Within several years, Svante is planning to build a second manufacturing facility in the United States, closer to where its customers are located and where CO2 can be monetized, Letourneau said.

Svante raised $318m last year in a series E fundraising round led by Chevron New Energies. It will spend approximately $100m to build the Vancouver facility.

Letourneau says the company’s principal target market in North America is existing gray hydrogen facilities that use steam methane reforming, of which there are around 1,000. The cost of adding carbon capture to existing SMR plants brings the cost of blue hydrogen from $1.50 per kilogram to around $2 per kilogram, according to Letourneau, compared to green hydrogen that will cost between $3 – $6 per kilogram with a similar carbon footprint.

“It’s a good solution,” he said.

Optimizing costs

As an original equipment manufacturer, Svante has partnerships with some of the largest EPC companies in the world for carbon capture projects: Kiewit in North America, Technip in Europe, and Samsung in Asia.

“When you have a technology that you want to take to market, you need to get the benefit of a close relationship with these EPC contractors if you want to deploy quickly and reduce costs,” he said.

He noted that the filters and contactors typically make up between 10% – 15% of the cost of a carbon capture plant, while the rest is in the balance of plant. Filters typically have a lifespan of three to five years, he said, allowing for additional recurring revenues for Svante after the initial installation.

Svante is working on five to six projects with Kiewit in North America that are in the pre-FEED and FEED stages, with FIDs expected by the end of next year. It is also working with Linde on a Department of Energy-sponsored pre-FEED carbon capture project for Linde’s Port Arthur gray hydrogen facility.

Additionally, Svante has a partnership with Swiss-based Climeworks for direct air carbon capture technologies.

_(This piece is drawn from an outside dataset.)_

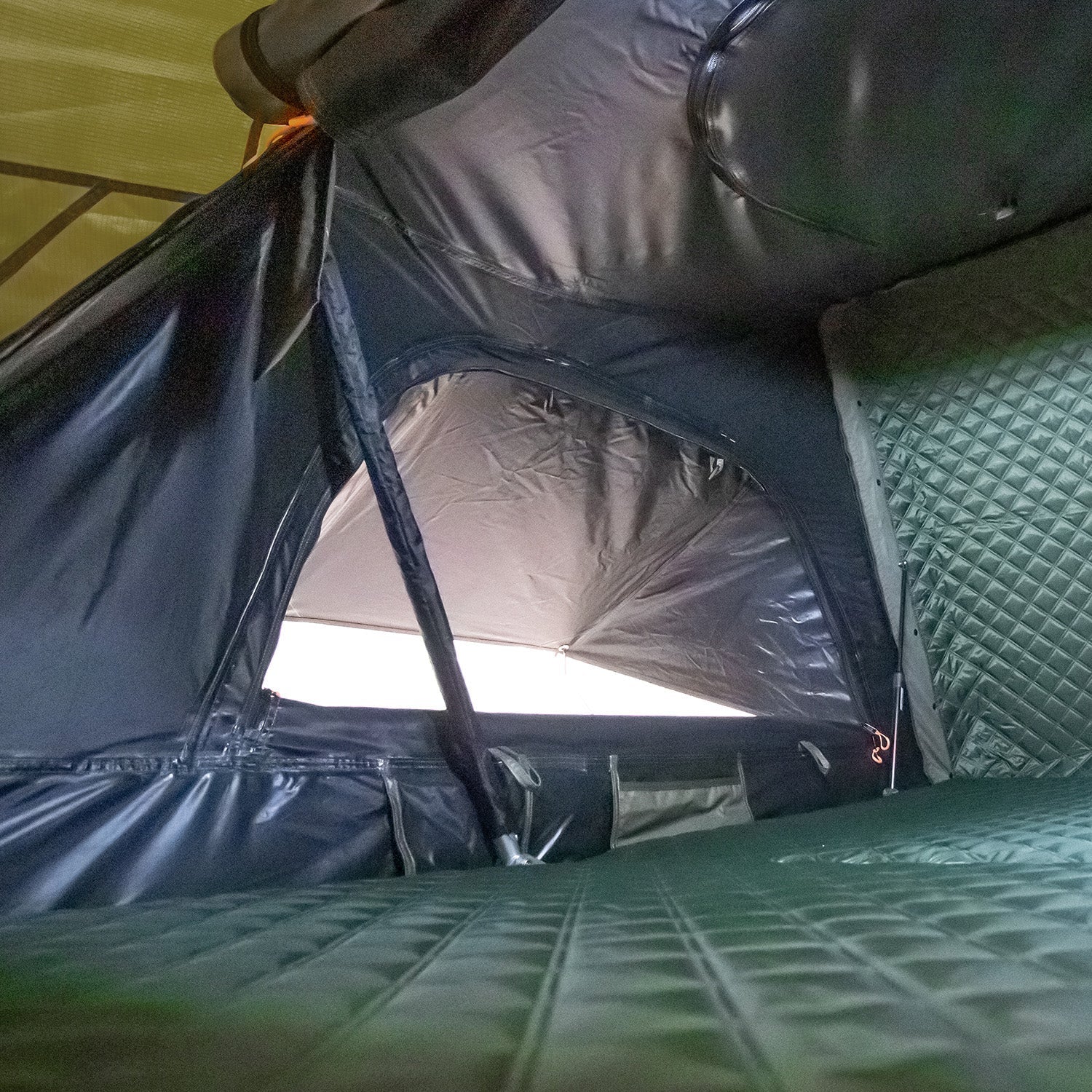 23ZERO Armadillo® A2 Left Roof Top Tent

“We want to be for carbon capture what GE Aerospace is for the jet engine industry,” he said, using an analogy to a market in which there are only several OEMs in a large, consolidated industry.

Target market

There are around 10,000 emitting plants globally that need carbon capture in order to decarbonize; meanwhile there are only 40 carbon capture facilities in operation, according to Letourneau. Svante’s Vancouver plant will be able to make equipment for around 10 plants per year, but eventually the company would like to scale up to between 50 – 100 plants per year with additional manufacturing capacity.

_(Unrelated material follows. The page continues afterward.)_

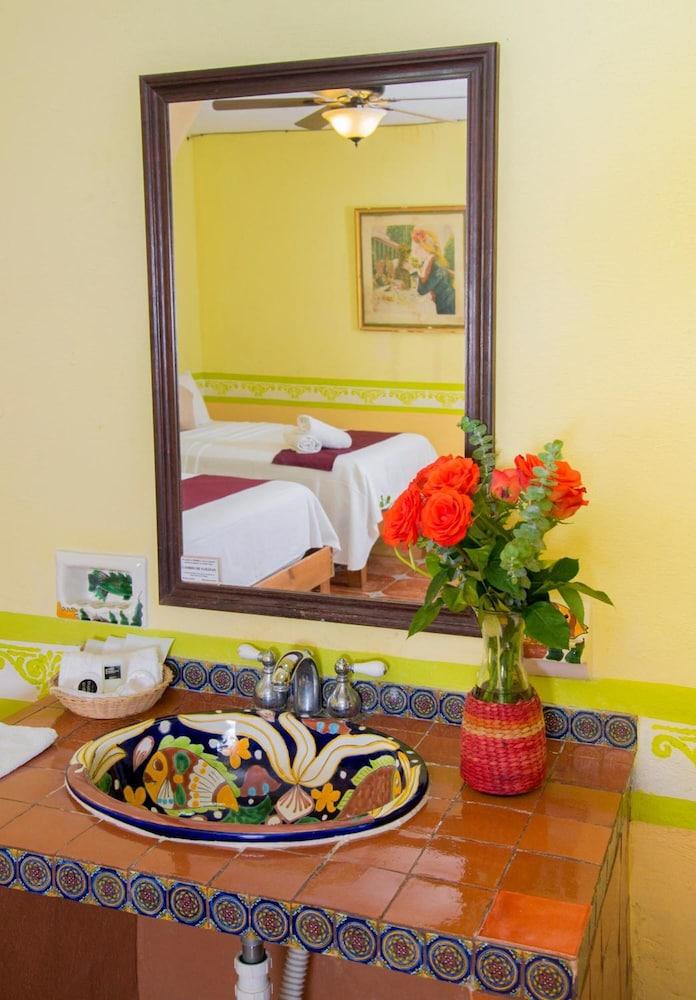 Casa De Las Columnas Merida Ngoại thất bức ảnh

“This is a big problem we’re trying to solve here,” he said.

To build the second plant in the US, the company will explore using project finance debt and seek to take advantage of US government incentives for clean energy manufacturing. The recently enhanced carbon capture tax incentives – of $85 per ton of CO2 captured versus $50 previously – will also benefit Svante’s carbon-emitting customers.

In addition to gray hydrogen, the company is targeting carbon emissions from oil and gas refining as well as pulp and paper mills.

Use cases

Svante’s modular solid sorbent technology can be inserted to capture flue gas at the end of the refining process instead of inside the plant, offering fewer disruptions to existing systems. Svante then concentrates the CO2 into a pipeline grade for storage or industrial use.

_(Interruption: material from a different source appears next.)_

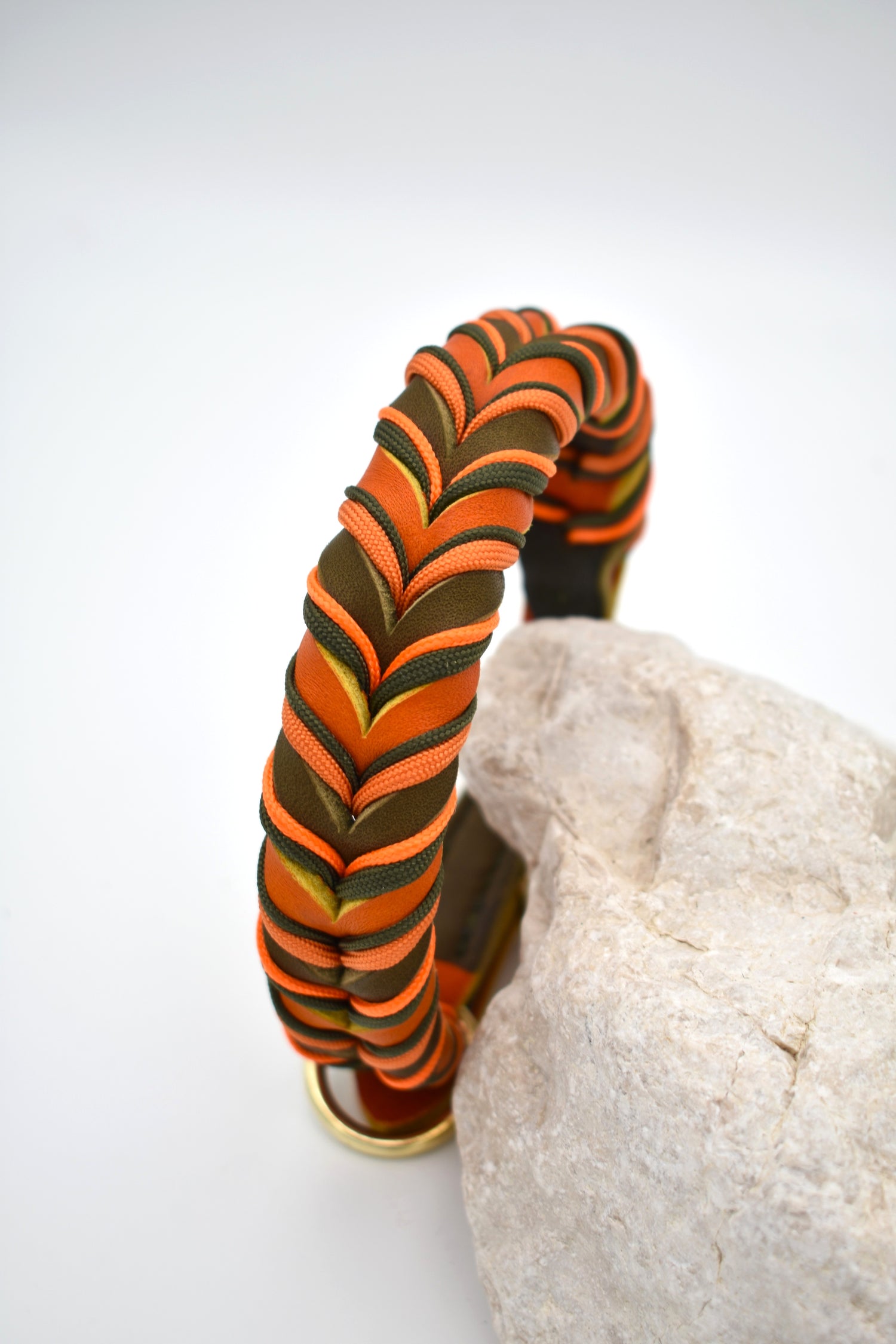 zweifarbiges Fettlederhalsband mit Paracord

“Nobody makes these filters in the world,” Letourneau continued, “so if I want to convince somebody to give Kiewit and ourselves a purchase order for $300m to build a 1 million-ton-per-year plant, they need to see that we have a manufacturing plant to make the filters, they need to see that we have the size of the contactor done at commercial size, and they need to see that we’ve done all the engineering studies to justify that this project can be monetized, economical, and the like.”

The company is sufficiently capitalized to advance the projects in its pipeline, and is focused on completing the Vancouver plant and garnering purchase orders in order to become profitable. A potential future exit could come in the form of an IPO or sale to a larger player, Letourneau said.

“We understand the market is quite buoyant and probably a few large companies are going to try to dominate, and they may decide they want to acquire a company like us, so an M&A is a possible exit in the next five years, depending on the conditions,” he said.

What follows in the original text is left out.